La prise d’acte peut être envisagée si le salarié reproche à l’employeur des manquements suffisamment graves pour empêcher la poursuite du contrat de travail, ce qu’il appartient au juge d’apprécier.

Prise d'acte de la rupture du contrat de travail

La prise d’acte peut être envisagée si le salarié reproche à l’employeur des manquements suffisamment graves pour empêcher la poursuite du contrat de travail, ce qu’il appartient au juge d’apprécier.

S’agissant de la lettre de prise d’acte, aucun formalisme n’est exigé mais la plupart du temps, le salarié envoie une lettre recommandée avec avis de réception (LRAR) ou il remet son courrier directement à l’employeur. 

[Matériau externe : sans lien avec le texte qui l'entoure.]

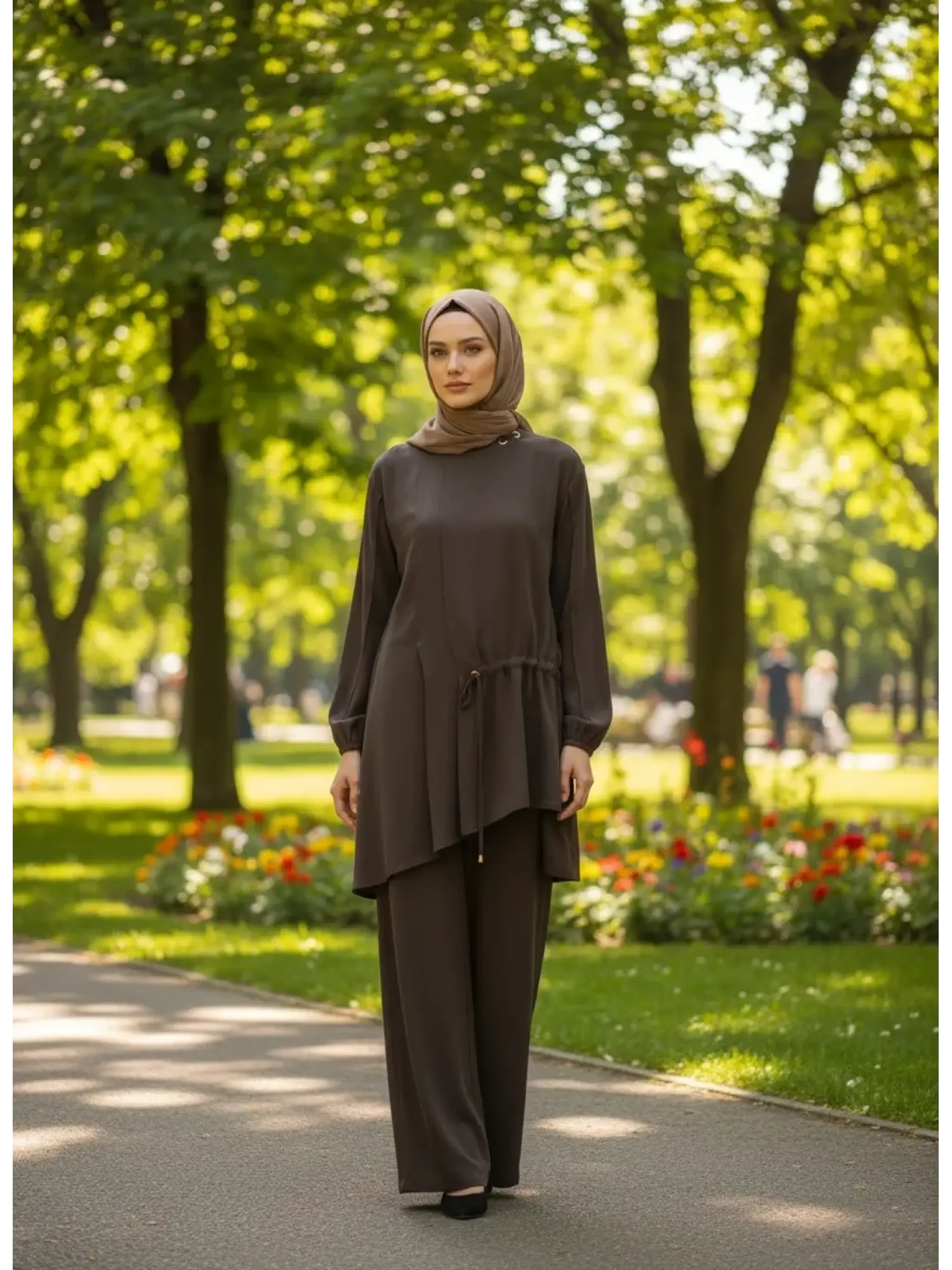 Clande Cupra İpek Asimetrik Kesim Bluz Havuç Pantolon Takım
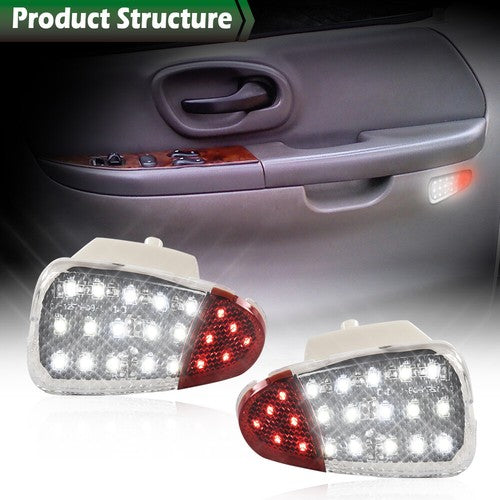 Solid Spare 2x LED Panel Door Interior Courtesy Light Lamp Fit For 1997-2003 Ford F150 F250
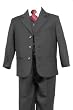 Toddler & Infants Deluxe Black Dress Suit 5-pc Complete Outfit with Vest, Dress Shirt, Colorful Coordinating Tie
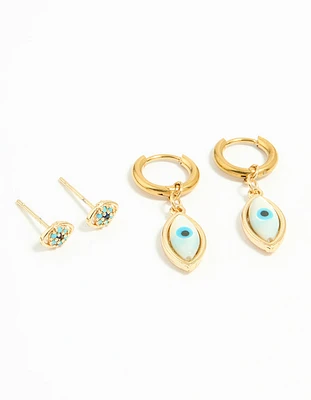 Waterproof Gold Plated Stainless Steel Double Evil Eye Earrings 2-Pack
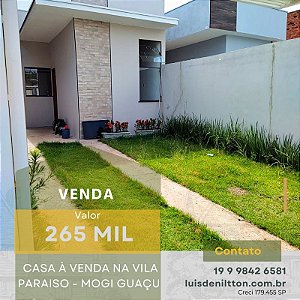 CASA À VENDA VILA PARAISO, MOGI GUAÇU-SP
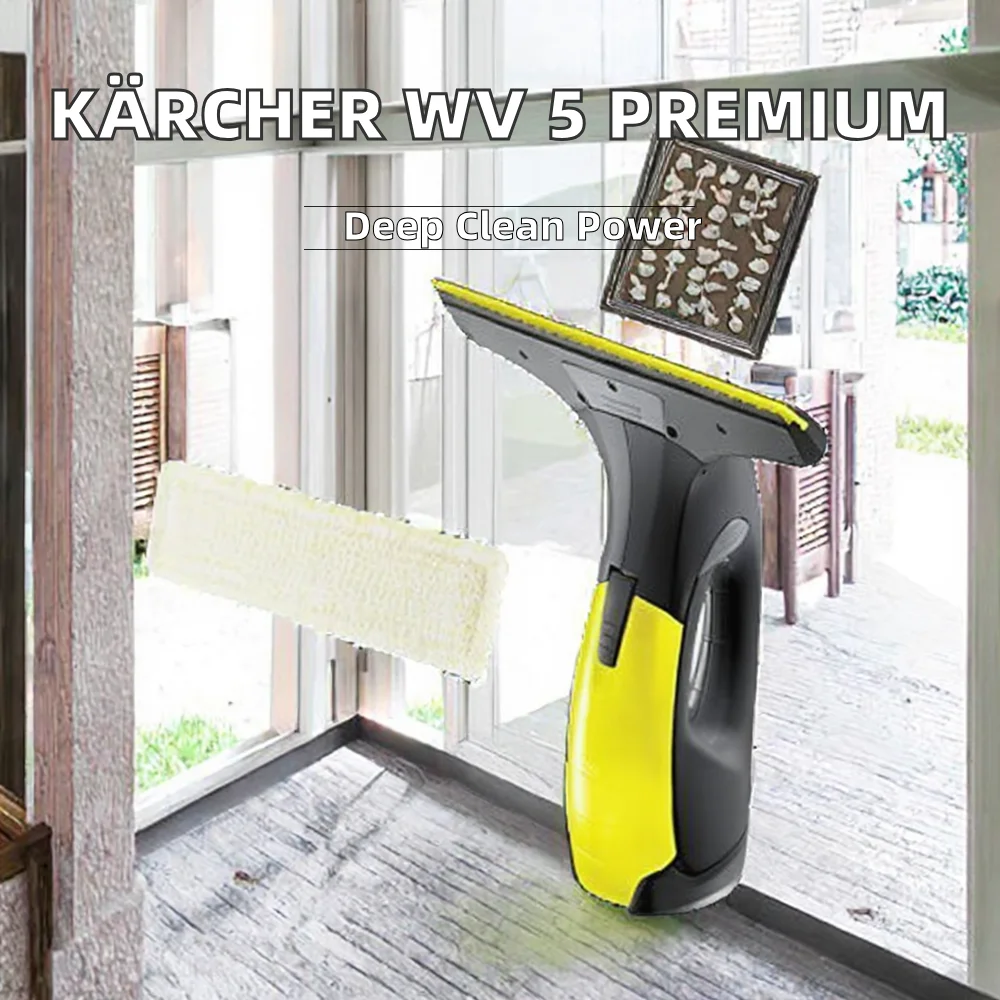 Wireless handheld window vacuum cleaner, no stripes, high suction, with spray bottle, with microfiber cleaning brush and wiper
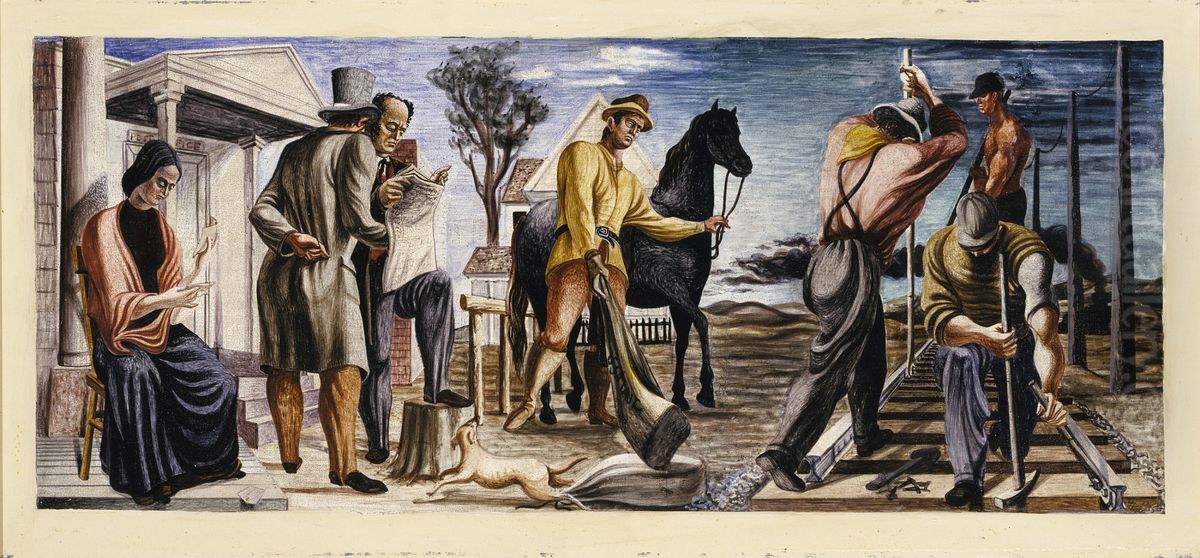 Early Mail Service and Construction of Railroads (mural study, Commerce, Georgia Post Office) Oil Painting by Philip Guston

Cela permet de dater précisément la prise d’acte et d’éviter tout doute sur le mode de rupture.

La prise d’acte entraîne la cessation immédiate du contrat de travail.

Le salarié n’est pas tenu d’effectuer un préavis.

L'employeur est tenu de délivrer au salarié, au moment de l'expiration ou de la rupture du contrat de travail, les attestations et justifications qui lui permettent d'exercer ses droits aux prestations POLE EMPLOI dans tous les cas d'expiration ou de rupture du contrat de travail (Cass. Soc. 15.03.2017 : n°15-21232).

Lorsque le salarié, après avoir pris acte de la rupture de son contrat de travail saisit le Conseil de Prud’hommes, l’affaire est directement portée devant le bureau de jugement qui doit statuer dans le délai d’un mois, conformément aux dispositions de l’article L. 1451-1 du Code du Travail.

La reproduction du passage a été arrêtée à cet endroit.